What I liked about it living in Montreal in the winter when its super cold no matter what – at minus 30 – I never had to plug it in. It would start. I don’t remember once that my car didn’t start in the freezing cold weather of Montreal.
My second car was my cool car – a Mazda MX-3. After that came a Volkswagen Cabrio, which I liked because of the roof. I never had an open roof before and I liked that.
Then I got pregnant and the baby seat would not fit in the Cabrio so that’s when I switched to the Audi A4.
What’s your best and worst driving story ever?
My best memory driving memory is not me driving. It’s when we were young. My parents would pack my brother and I in the car and drive to Florida for a 35-hour drive.
I would like being stuck in one small place together. I was the type of person that needed their attention all the time. At that point, they had no choice. If I spoke, they had to answer. I was selfish.
My worst driving memory? There are a few of them. I do have a tendency to hit non-moving objects for some reason.
It’s always surprising. Those objects just jump at me in the middle of the road – like a parked car in the road or my father-in-law’s truck in the driveway. And then a few weeks ago, a garbage can in the street. One side of my car is missing a mirror – the garbage was hungry and it ate my mirror that day! It attacked me!
I’m very lucky. I’ve never had a dramatic experience on the road and I hope I never do.

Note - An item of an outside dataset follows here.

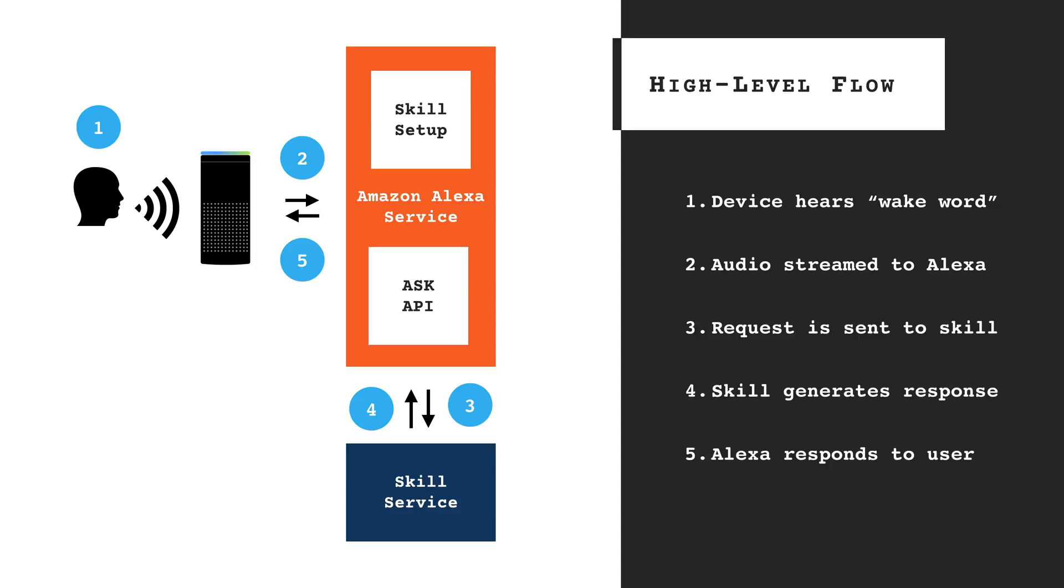From there, the Alexa service responds back to the user. Okay, so that's it for our high-level technical overview. In the next video, we're going to jump right in and create our first skill.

If I can bring you the keys to any vehicle what would it be?
I love my Audis, but I would take a Porsche. It`s one of those dream cars, you’re probably never going to get. I’ve always said, one day I’ll drive a Porsche. But then you have a kid and a family and the Porsche is not so practical any more.
And you put the dream behind you. Maybe when my daughter goes to college, I’ll get one. My husband loves cars so we can spoil ourselves and drive around in our Porsche.
This interview has been edited and condensed.